_WHAT NEEDS TO BE DONE_:
Every line below must be reproduced exactly; no pictures are to be included.

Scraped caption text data
# # # #
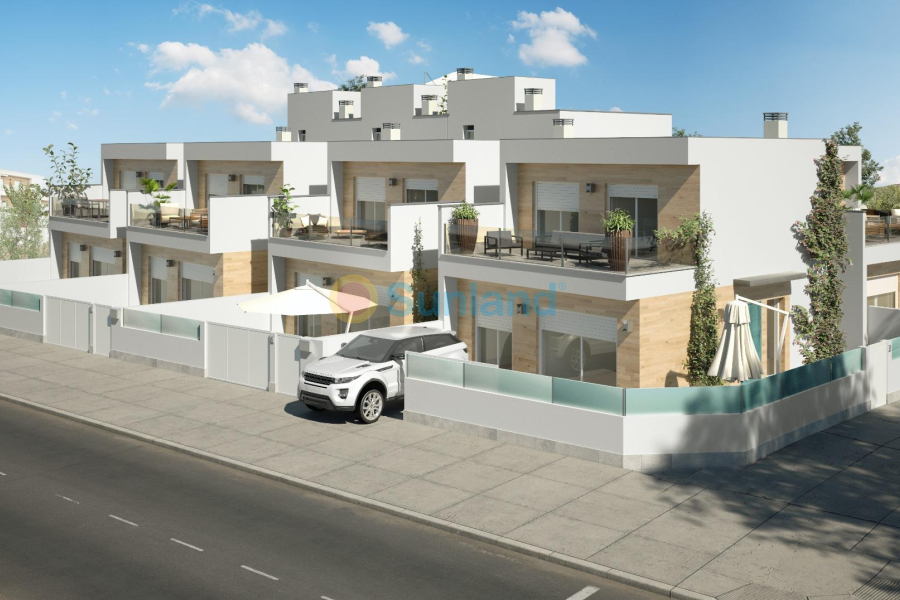 New Build - Semidetached - San Pedro del Pinatar - Las esperanzas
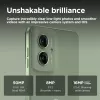 Motorola moto g55 5G 16.5 cm (6.49 inch) Dual SIM Android 14 USB Type-C 8 GB 256 GB 5000 mAh Green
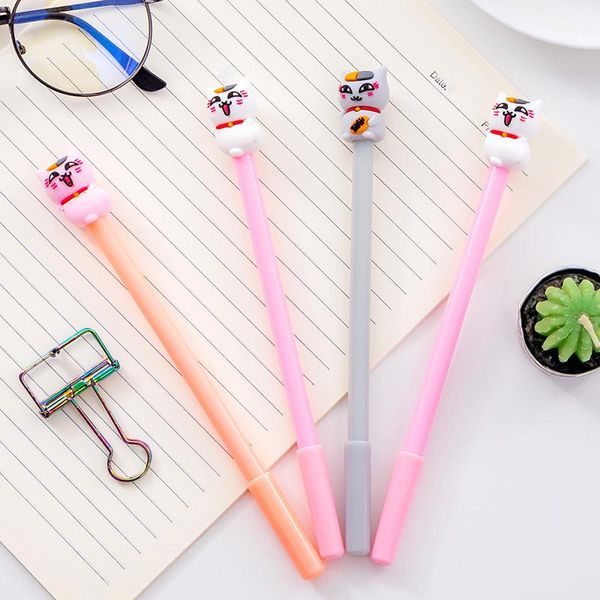 gel pens 12 pcs of boring overweight cats cute cartoon neutral pen black 0.5 mm students stationery supplies
gel pens 12 pcs of boring overweight cats cute cartoon neutral pen black 0.5 mm students stationery supplies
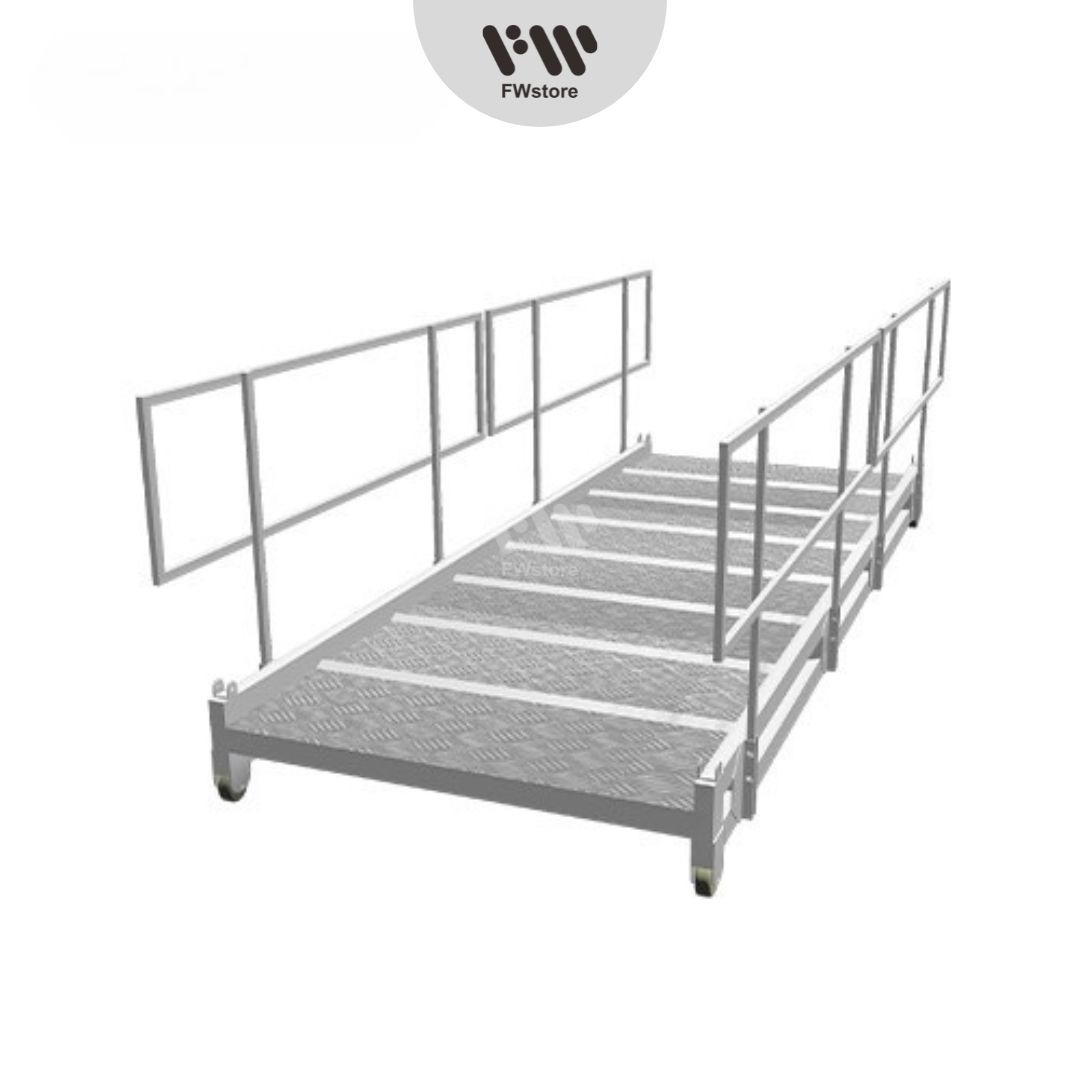 Embarkation Gangway - Design 2 - Size 1,5m x 5m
# # # #
_ANSWER TO THIS EXERCISE_:
 New Build - Semidetached - San Pedro del Pinatar - Las esperanzas
 Motorola moto g55 5G 16.5 cm (6.49 inch) Dual SIM Android 14 USB Type-C 8 GB 256 GB 5000 mAh Green
 gel pens 12 pcs of boring overweight cats cute cartoon neutral pen black 0.5 mm students stationery supplies
gel pens 12 pcs of boring overweight cats cute cartoon neutral pen black 0.5 mm students stationery supplies
 Embarkation Gangway - Design 2 - Size 1,5m x 5m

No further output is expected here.